*** ENTRIES PROVIDED Section Begins ***
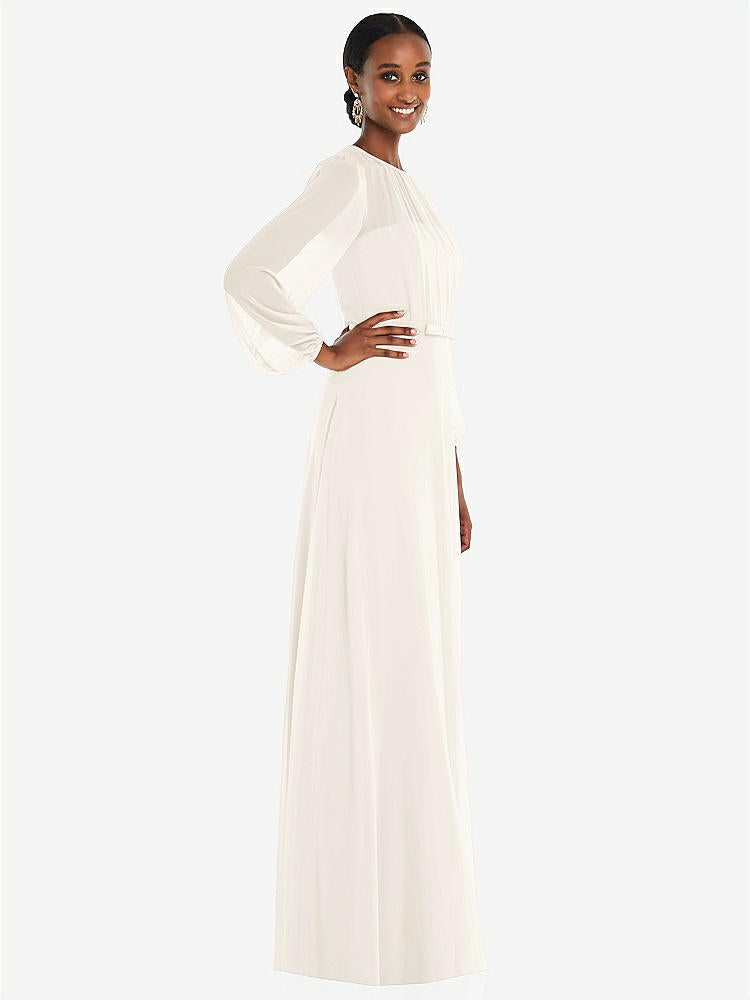 【NEW】【STYLE: 3098】ストラップレス シフォン マキシ ドレス パフ付き スリーブ ブルーソン オーバーレイ 【COLOR: Ivory】【SIZE: 00-30W】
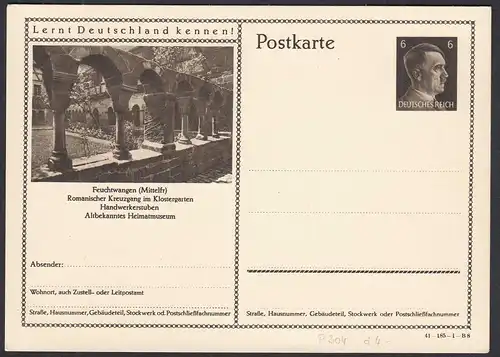 Deutsches Reich 1941 Ganzsache P304 Bildpostkarte Feuchtwangen  (32147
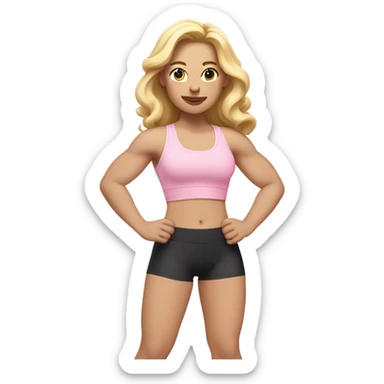 White woman, pale skin, long hair, blonde hair, wavy hair, baby pink sports bra, baby pink leggings, flexing right arm sticker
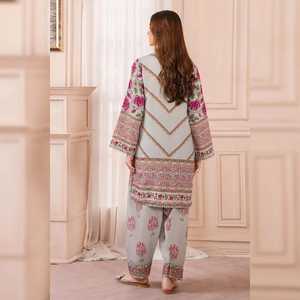 ชุดเดรสยาวสไตล์วินเทจแบบ Salwar Kameez สำหรับผู้หญิง ลายเรียบง่าย เหมาะสำหรับงานอีด งานปาร์ตี้ ตกแต่งด้วยลูกไม้ ปักเลื่อม และกระดุม - Product Image 3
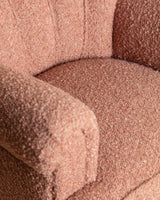 Danish Wingback Armchair in Chunky Pink Boucle, Denmark, 1950's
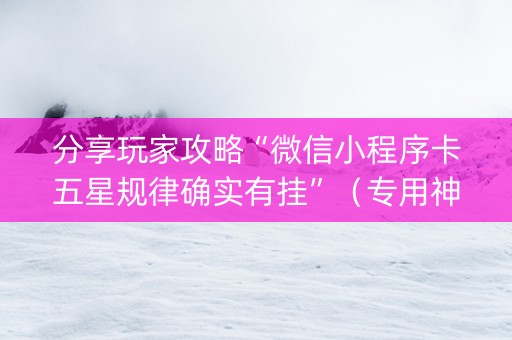 分享玩家攻略“微信小程序卡五星规律确实有挂”（专用神器下载)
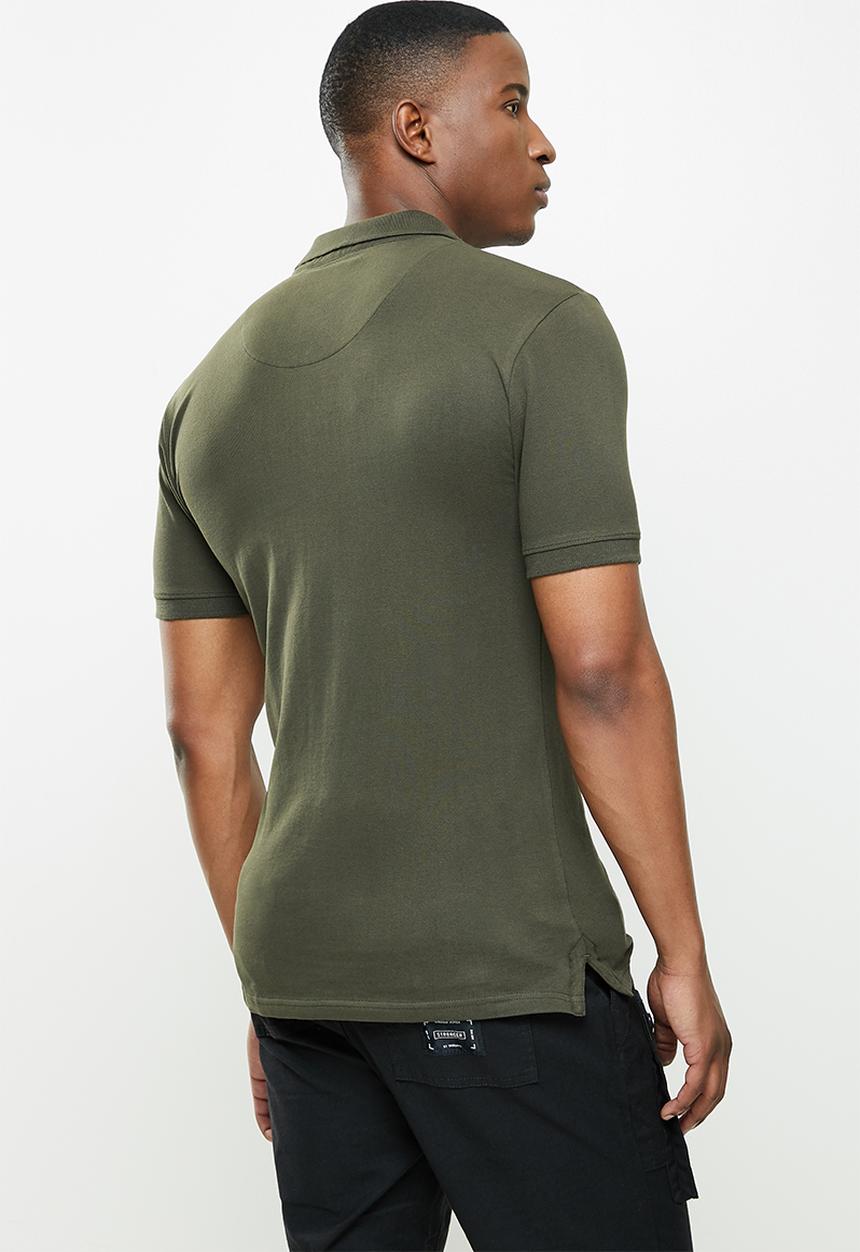 S.P.C.C - Cayenne slimline fit side slit straight hem polo - dark moss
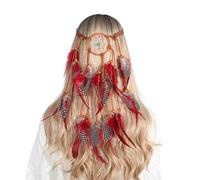 FUXIU Feather&Beads - Diadema decorativa para mujer, atrapasueños, estilo étnico, para fiesta de Halloween
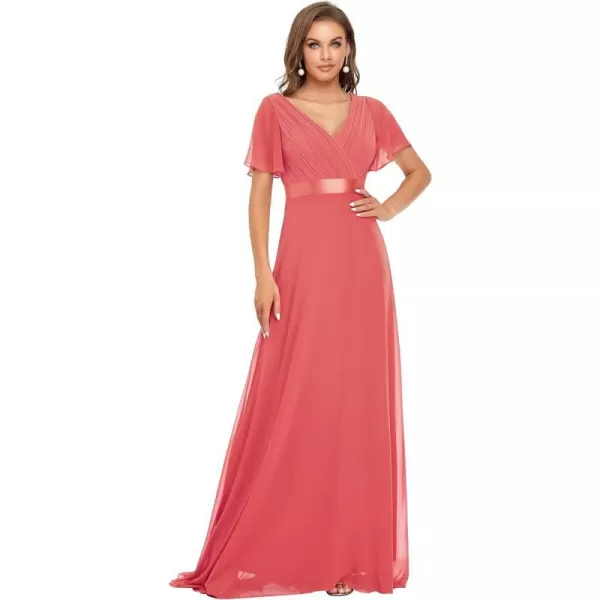 EverPretty Womens Formal Dress Short Sleeve VNeck Evening Dress Floor Length Mother of The Bride Dress 09890Coral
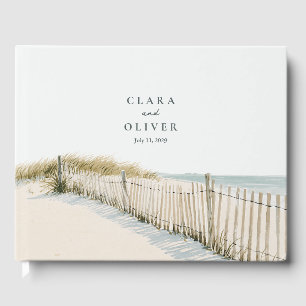 Driftwood Fence Pale Sand Teal Cape Cod Wedding Guest Book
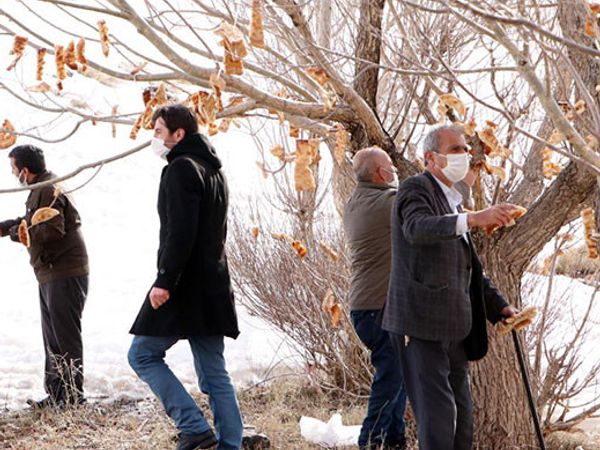 Erzurum’da Engelliler, Kuşlar İçin Ağaç Dallarını Ekmeklerle Donattı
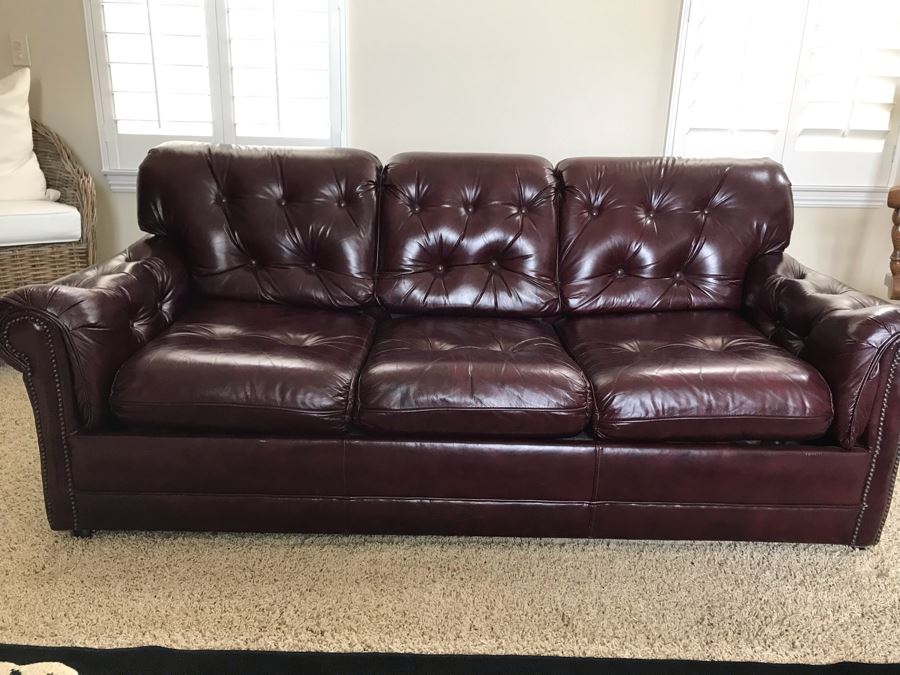 Burgundy Tufted Leather Sleeper Sofa Couch With Brass Nailhead Trim From The Leather Factory 75W X 38D X 30H [Photo 4]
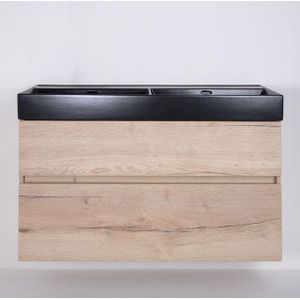 Saniclass Aurora Badmeubelset - 120cm - 2 lades - dubbele wastafel keramiek - zonder kraangat - zwart - roble luz SW1030708/SW972110/SW1030711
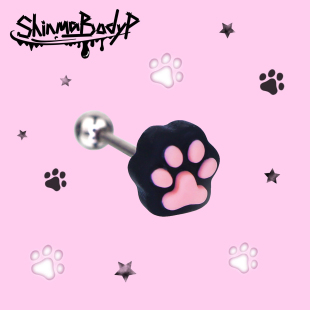 Shinma 树脂彩色猫爪狗爪可爱甜辣软萌钛钢舌钉穿刺 爱宠日记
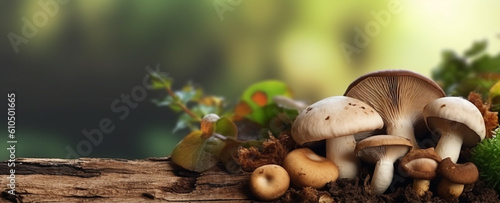 Mushrooms organic vegetable for cooking copy space blurred background, generative AI photo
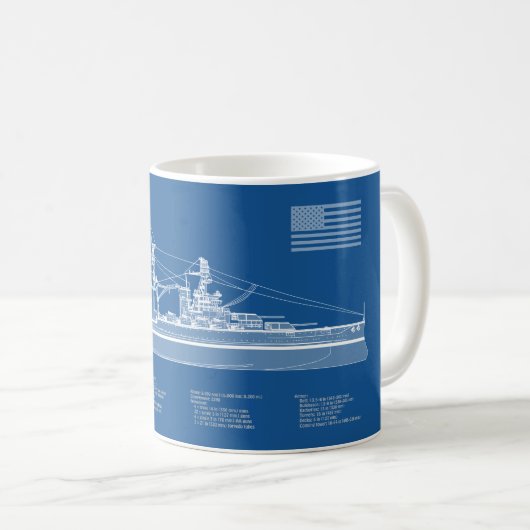 Mug USS Arizona - Plan de plan d'expédition ABD (Devant droit)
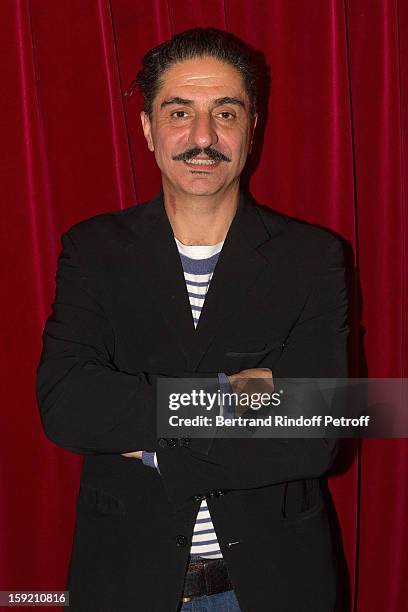 Actor Simon Abkarian poses after performing on stage during the premiere of 'Menelas rebetiko rapsodie' he wrote and directed, at Le Grand Parquet on...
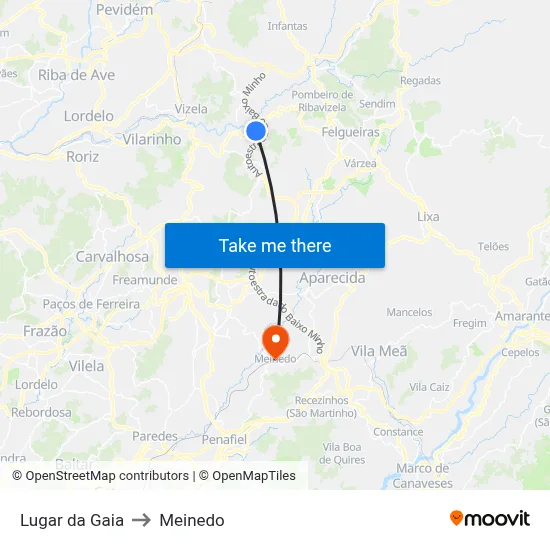 Lugar da Gaia to Meinedo map
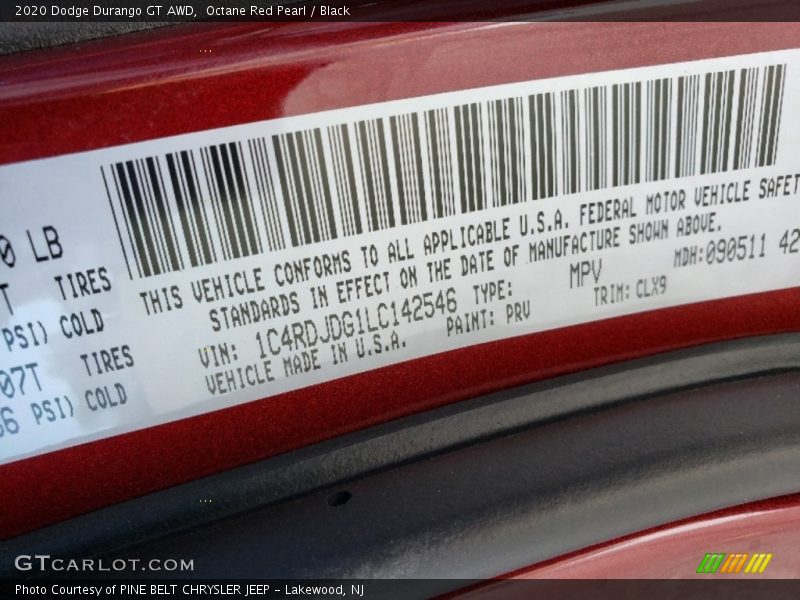 Octane Red Pearl / Black 2020 Dodge Durango GT AWD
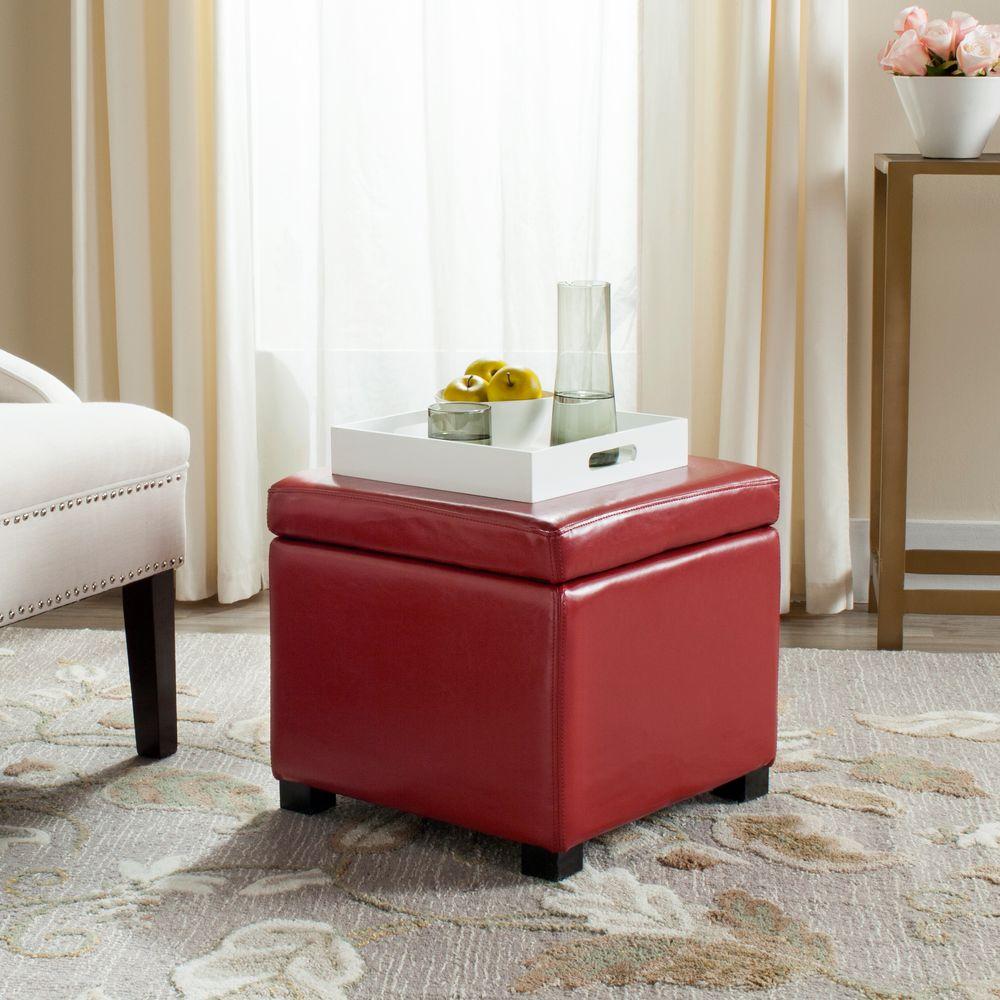 Safavieh Jonathan Red Storage Ottoman Hud4007r The Home Depot Safavieh Jonathan Red Storage Ottoman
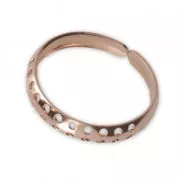 Bague réglable multi-trous 3.6 mm doré rose x1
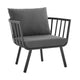 Modway Riverside Patio Aluminum Armchair Charcoal Outdoor Furniture, Gray Charcoa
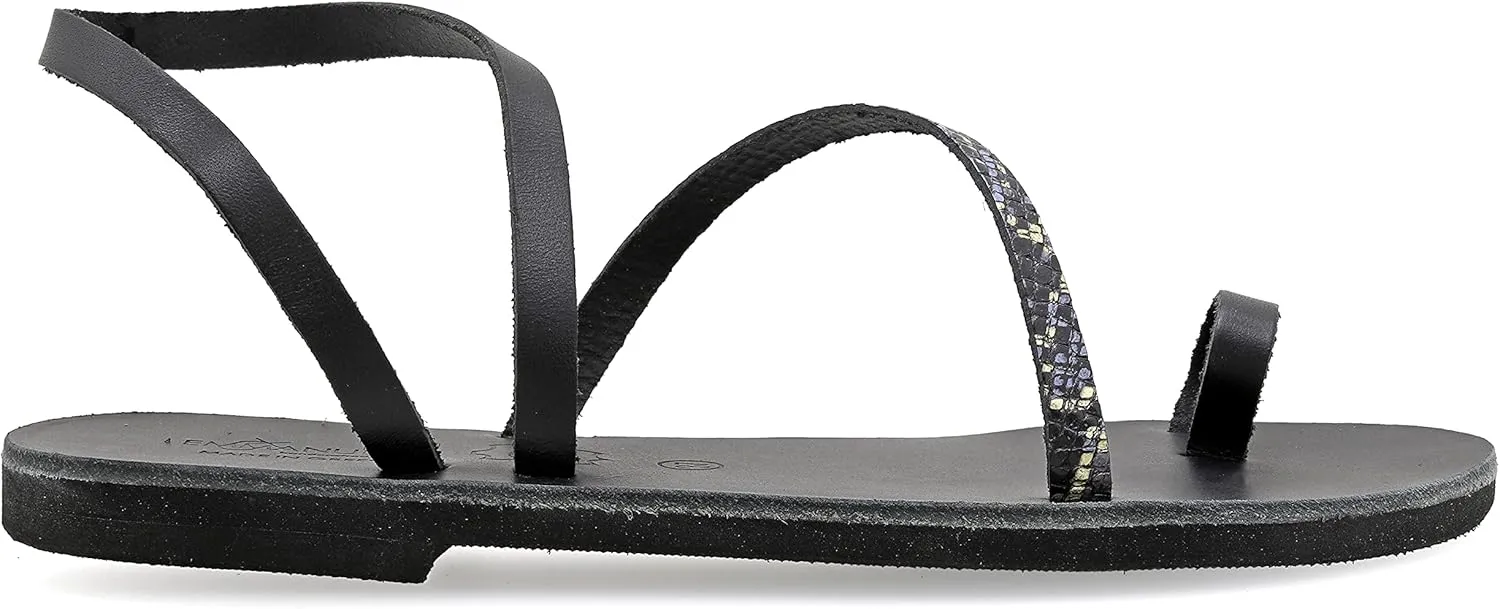 Emmanuela Greek Leather Toe ring Sandals, Quality Handmade Slingback Summer Shoes, Ankle Cuff Strappy Sandals, Boho Chic Flat Sandals, Silver Rose Gold Snake animal print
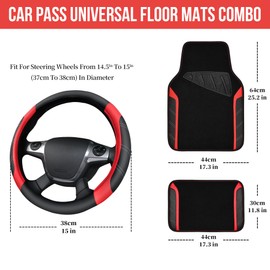 CAR PASS Leather Steering Wheel Cover and Waterproof Car Floor Mats,Microfiber Universal Car Combo Fit for 95% Sedan,SUV,Cars,14.5-15inch Sporty Anti-Slip Safety Comfortable Design(Black＆Red)
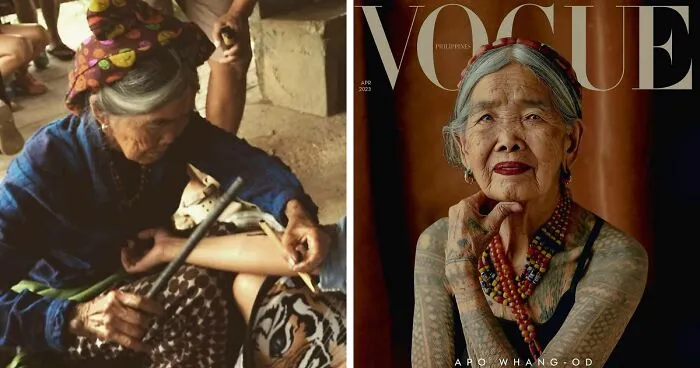 Esta centenaria tatuadora filipina se convierte en la portada de Vogue gracias a su legendario arte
*** ENTRIES PROVIDED Section Ends ***
• [TASK]
Working from the records above, set down word for word everything from the line containing "Erzurum’da Engelliler, Kuşlar" down to the line containing "Shinma 树脂彩色猫爪狗爪可爱甜辣软萌钛钢舌钉穿刺 爱宠日记", ends included, minus the pictures.

• [REPLY]
 Erzurum’da Engelliler, Kuşlar İçin Ağaç Dallarını Ekmeklerle Donattı
 Burgundy Tufted Leather Sleeper Sofa Couch With Brass Nailhead Trim From The Leather Factory 75W X 38D X 30H [Photo 4]
 Saniclass Aurora Badmeubelset - 120cm - 2 lades - dubbele wastafel keramiek - zonder kraangat - zwart - roble luz SW1030708/SW972110/SW1030711
 Shinma 树脂彩色猫爪狗爪可爱甜辣软萌钛钢舌钉穿刺 爱宠日记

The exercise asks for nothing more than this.